大きく6つほどお話しさせていただきます。物流を取り巻く現状と課題、それからまさしく今言われている物流2024年問題とその影響、そしてこれに対応して物流を何とか適正化したいと政府あるいは都道府県がいろいろな形で動いていますのでその動向についてお話をします。そして、物流革新と言われる中でどういうことを考えなくてはいけないか、もう1つ、生活者自体がいろいろ意識を変えていく、行動変容していかなくてはいけないというところが重要となっています。その辺のアンケート調査結果も含めて少しお話しさせていただき、最終的にまとめという形でお話しさせていただきます。
物流を取り巻く現状と課題ということで、物流危機が言われます。2017年ぐらいに宅配危機と言われました。いわゆる宅配便がパンクしてしまうと。特にネット通販が需要拡大に対してなかなか運び切れないということで、そのときに宅配危機がまず起きたんですが、その後物流全体が危機的状態だと言われ始めました。これは、物流需要が増えていくのに対してドライバー不足が発生しているためになかなか供給側が間に合わないという事態ですが、結局は荷物を運ぼうとしても運べないあるいは遅延するという事態が発生する、これが物流危機の状態です。
現状としては、基本的には皆様方がこの荷物を運びたいと言ったときに、いや、今は無理ですと断られることはあまりないのではないかと思います。
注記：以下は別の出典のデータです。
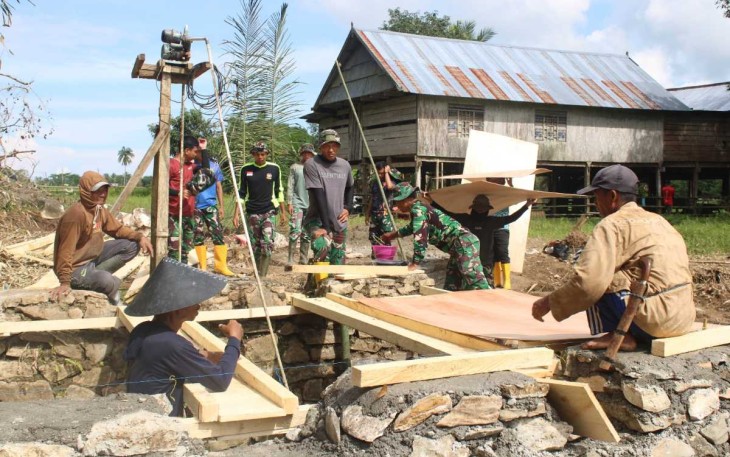 Bersama warga menyelesaikan pekerjaan sasaran fisik 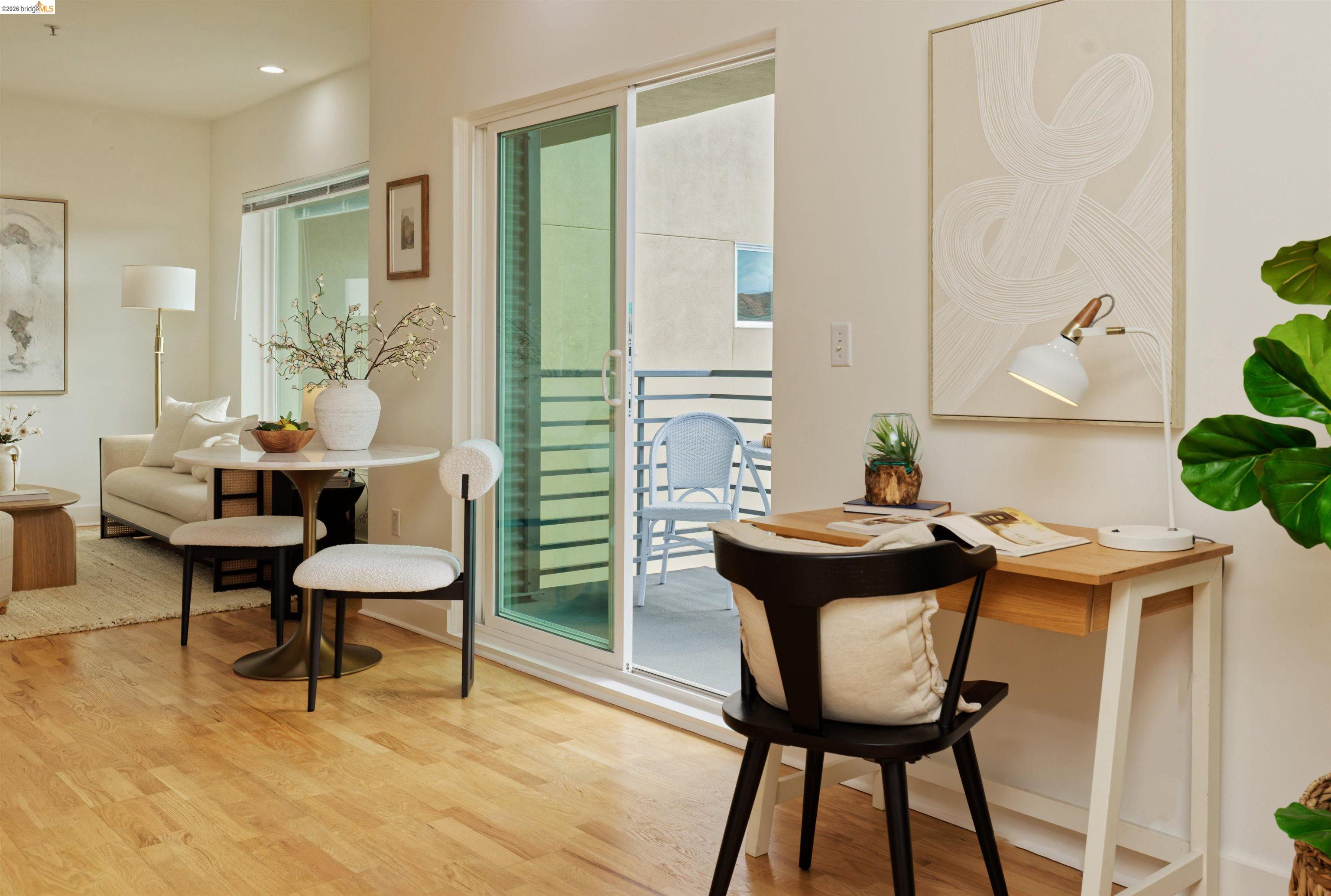 371 30th Street # 404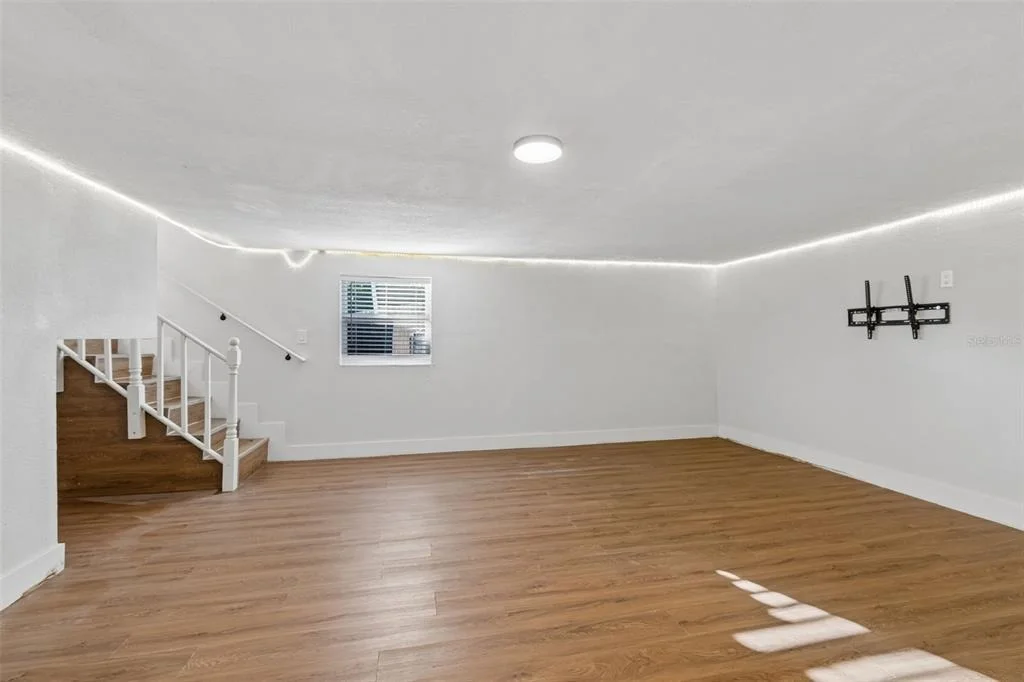 Photo of 125 HARBOR BLUFF DRIVE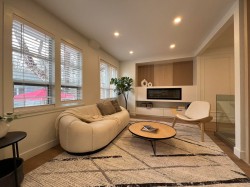 3534 17th Avenue W Vancouver, BC V6S 1A1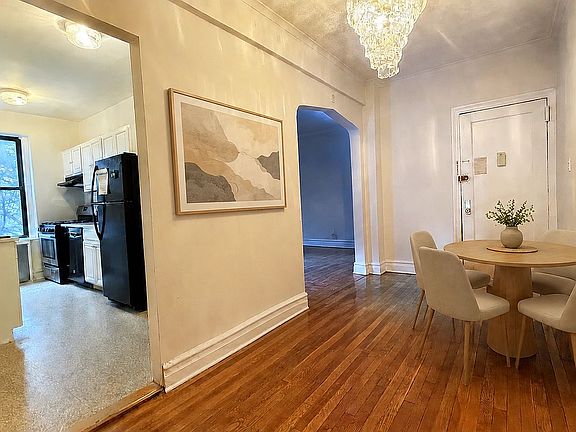 4th image of 2515 Glenwood Rd APT 2B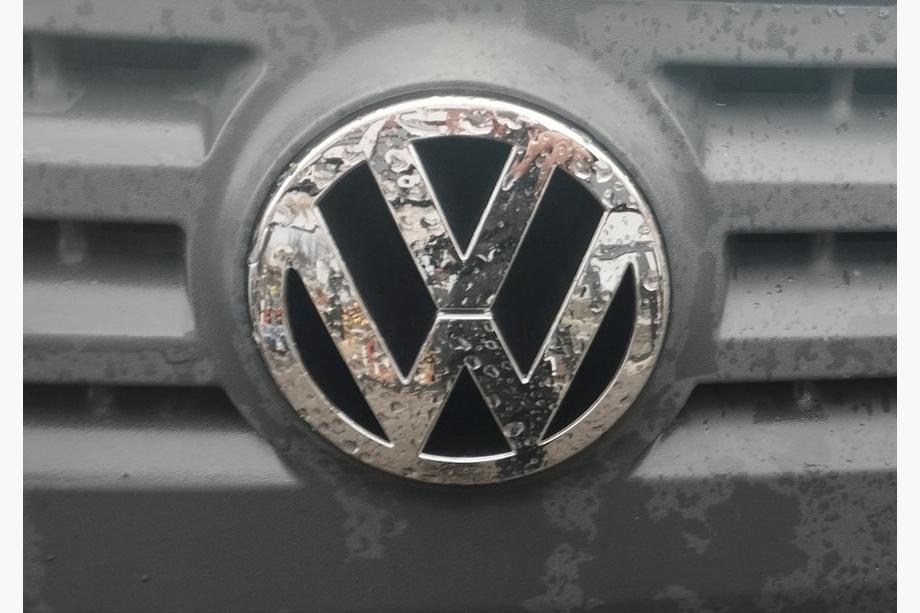 Volkswagen Passat B5 1997–2005 Priekšējā emblēma (2001-2005, kā oriģināls) Image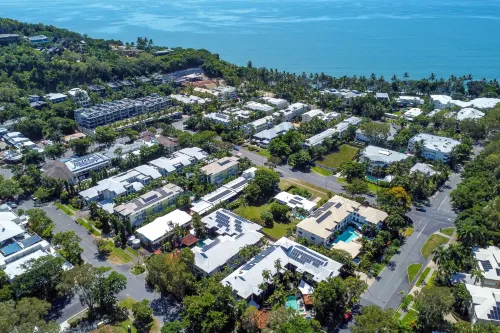 Tropical Reef Apartments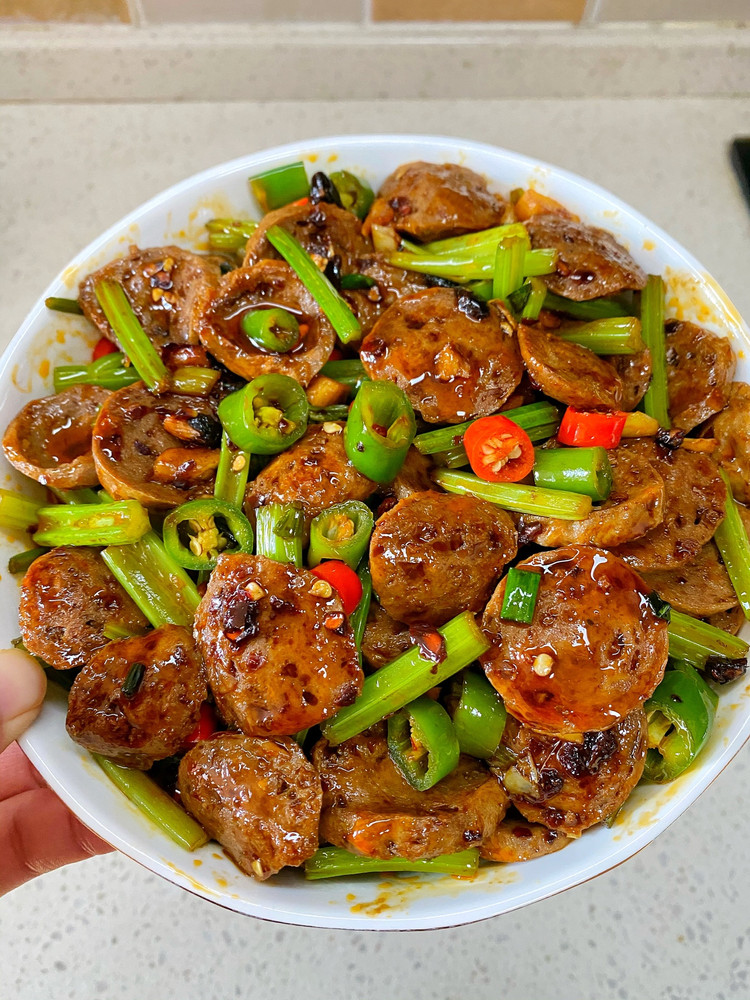 牛肉丸神仙吃法❗️巨下饭的爆炒牛肉丸～的做法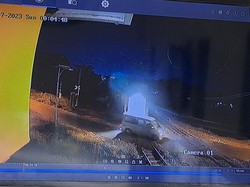 Detik-detik Luxio Tertabrak KA di Jombang Tewaskan 6 Orang Terekam CCTV
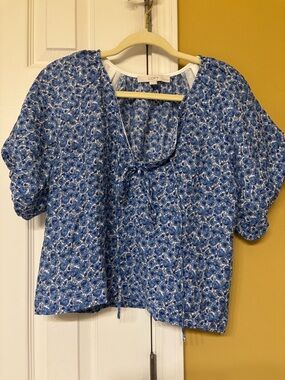 LOFT Blue Floral Tie-Front Short Sleeve Blouse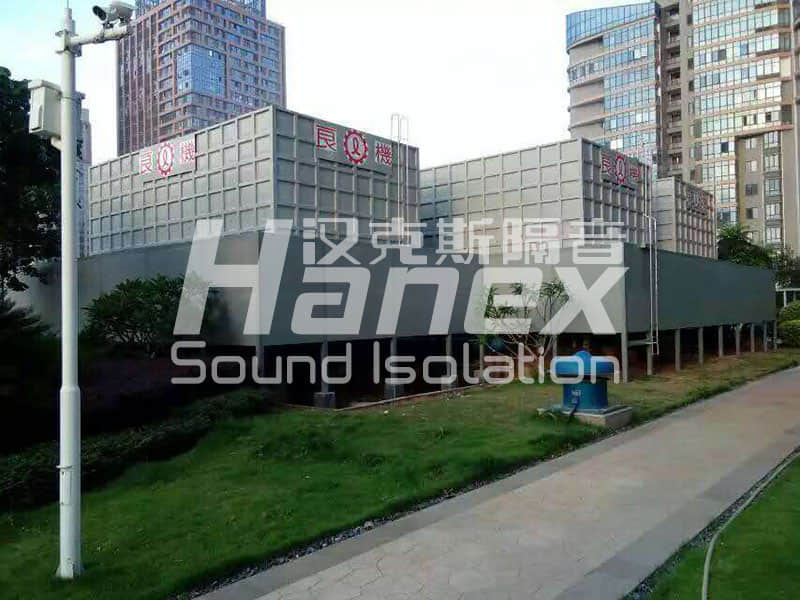 東海開發(fā)太古1期新華都生活廣場7樓冷卻塔噪音處理現(xiàn)場 東海開發(fā)太古1期新華都生活廣場7樓冷卻塔噪音處理現(xiàn)場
そういうことは今ほとんど発生していないんですが、少し遅延する、明日配送は無理ですなどという話はちょっと出てきていますけど、いずれにせよ今まではすぐに運んでもらえる、あるいはすぐに明日というような形でもできた。これがなかなか難しくなってきている。これが物流危機の状況ということになります。
こういうことは今までも実は何回かあったんですね。需要がどんどん急拡大したときに供給が間に合わないことは高度経済成長期あるいはバブル経済のときも起きました。さらには、割かし最近の例で、2013年度後半に相当深刻なドライバー不足が発生しました。
これは、2014年度4月から消費税を値上げすることで駆け込み需要が大きく発生して、需要が急拡大したために間に合わなくなり、あちこちで全くトラックがない事態が発生しました。
いずれもこれらのケースは、急激に需要が増える、貨物量が増えるという中で供給が間に合わないということになります。逆に言いますと、需要が収まるとドライバー不足問題は解決するという状態だったんですね。ですから高度経済成長期もオイルショックが起きて、その後問題があまり発生しない、バブル経済のときもバブルが崩壊して、さらには消費税のときも4月になったら基本的に何の問題も起きなくなった。言ってみれば一時的に需要と供給のバランスが崩れて供給が間に合わないという事態がそのとき発生しました。
しかしながら、今回言っている物流危機はそれとは全く違うんですね。つまり需要が急拡大したわけでは決してなくて、ドライバーがとにかくいないことが最大の問題になります。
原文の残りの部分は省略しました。